Acquired hypertrichosis lanuginosa

Malignant down · acquired generalised hypertrichosis · "werewolf syndrome" (lay term)

Acquired hypertrichosis lanuginosa is a rare but classical paraneoplastic eruption of fine, non-pigmented, lanugo-type hair on the face and trunk in an adult. It carries a strong association with internal malignancy — most often non-small-cell lung carcinoma, colorectal adenocarcinoma, gastric and breast carcinoma. Distinguishing acquired lanugo from drug-induced hypertrichosis (cyclosporin, minoxidil, phenytoin) and endocrine hirsutism is essential because the acquired form mandates an urgent malignancy workup.

CurrentLast reviewed 16 May 2026

Clinical features

Rapid growth of fine, soft, non-pigmented lanugo hair across face, ears, eyelids, neck and trunk; spares palms and soles.
Often preceded by glossitis (smooth red painful tongue), weight loss, and other paraneoplastic skin signs (acanthosis nigricans, tripe palms).
Onset in middle-aged or older adults. Female predominance.
The eruption can precede the diagnosis of malignancy by months to years.

Malignancy associations

Lung cancer (non-small-cell, especially adenocarcinoma) — strongest single association.
Colorectal adenocarcinoma.
Breast carcinoma.
Less commonly: gastric, pancreatic, hepatobiliary, ovarian, lymphoma.
Mechanism unclear; postulated tumour-derived growth factors reactivate vellus follicles.

Differential diagnosis

Drug-induced hypertrichosis: minoxidil, cyclosporin, phenytoin, diazoxide, glucocorticoids, IFN-α, EGFR inhibitors. Drug-induced is usually generalised vellus, not strictly lanugo, and improves on drug withdrawal.
Endocrine hirsutism: terminal, androgen-pattern, masculinising; PCOS / adrenal / ovarian tumour. Lanugo is non-pigmented and not androgen-pattern.
Congenital hypertrichosis lanuginosa: from birth; autosomal dominant; not paraneoplastic.
Anorexia nervosa: lanugo growth as part of starvation phenotype.

Workup

Full history and examination including breast, abdominal, rectal, lymphadenopathy assessment.
Bloods: FBC, U&E, LFT, ESR, CRP, calcium, LDH, tumour markers (CEA, CA 19-9, CA 125, AFP, PSA where indicated).
CT chest / abdomen / pelvis.
Age- and sex-appropriate screening: mammography, cervical screen, FIT / colonoscopy, gastroscopy if symptomatic.
Consider PET-CT when conventional imaging negative.
Endocrine review only if features unexplained — measure prolactin / testosterone / DHEAS if there is masculinising change.

Management

Treat underlying malignancy — hypertrichosis frequently regresses with successful tumour control.
Cosmetic management: shaving / depilatory creams; laser hair removal less effective on non-pigmented lanugo.
Multidisciplinary input — oncology, dermatology, dietetics for accompanying cachexia.

References

Hovenden AL. Hypertrichosis lanuginosa acquisita associated with malignancy. Arch Intern Med. 1987;147:2013-2018.

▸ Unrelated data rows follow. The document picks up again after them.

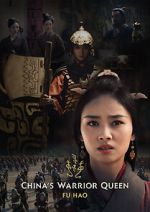 Watch China\'s Warrior Queen - Fu Hao (TV Special 2022) Online Vodly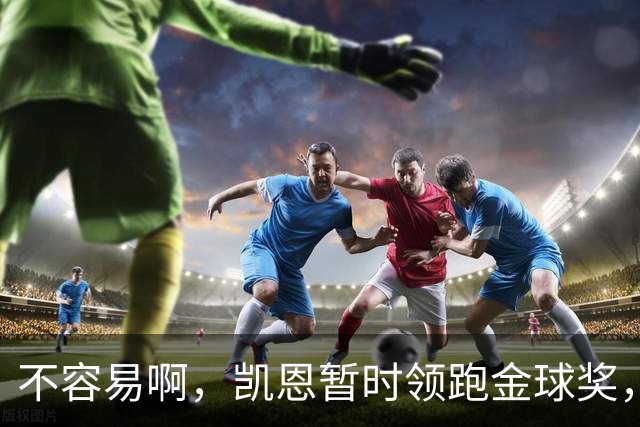 不容易啊，凯恩暂时领跑金球奖，意外的惊喜，还是走个过场？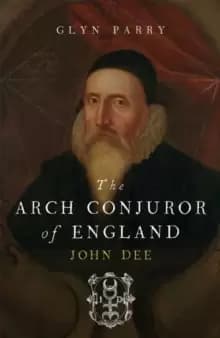 The Arch Conjuror of England : John Dee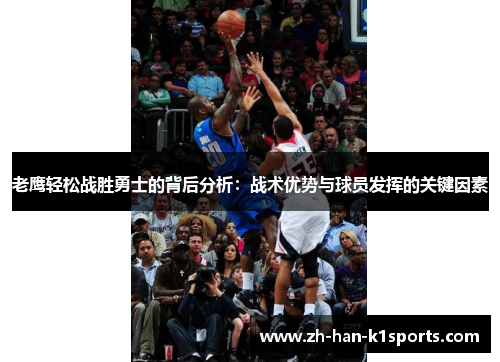 老鹰轻松战胜勇士的背后分析:战术优势与球员发挥的关键因素 老鹰轻松战胜勇士的背后分析:战术优势与球员发挥的关键因素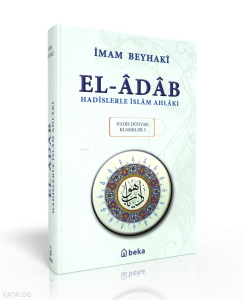 Hadislerle İslam Ahlakı - el-Adab - Arapça Metinli (Ciltli)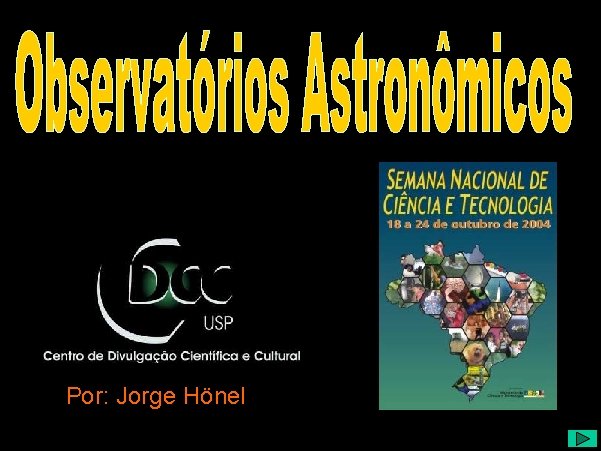 Observatórios Astronômicos de Disseminação Por: Jorge Hönel 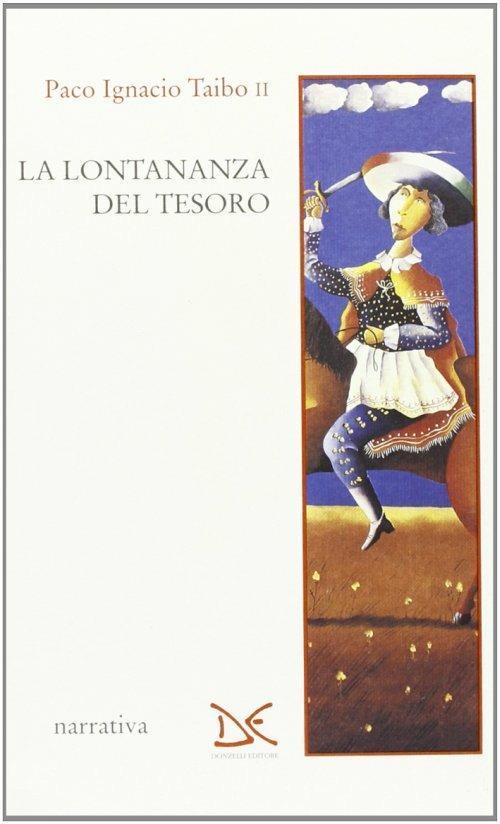 La lontananza del tesoro - Paco Ignacio II Taibo - copertina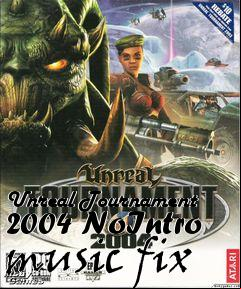 Box art for Unreal Tournament 2004 NoIntro music fix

Pruszkowski A et al. Paraneoplastic hypertrichosis lanuginosa acquisita. Dermatology. 1996;192:50-53.

Wyatt JP, Anderson HF, Greer KE, Cordoro KM. Acquired hypertrichosis lanuginosa as a presenting sign of metastatic prostate cancer. J Am Acad Dermatol. 2007;57:S46-47.

Slee PHT et al. Paraneoplastic hypertrichosis lanuginosa acquisita: uncommon or overlooked? Br J Dermatol. 2007;157:1087-1092.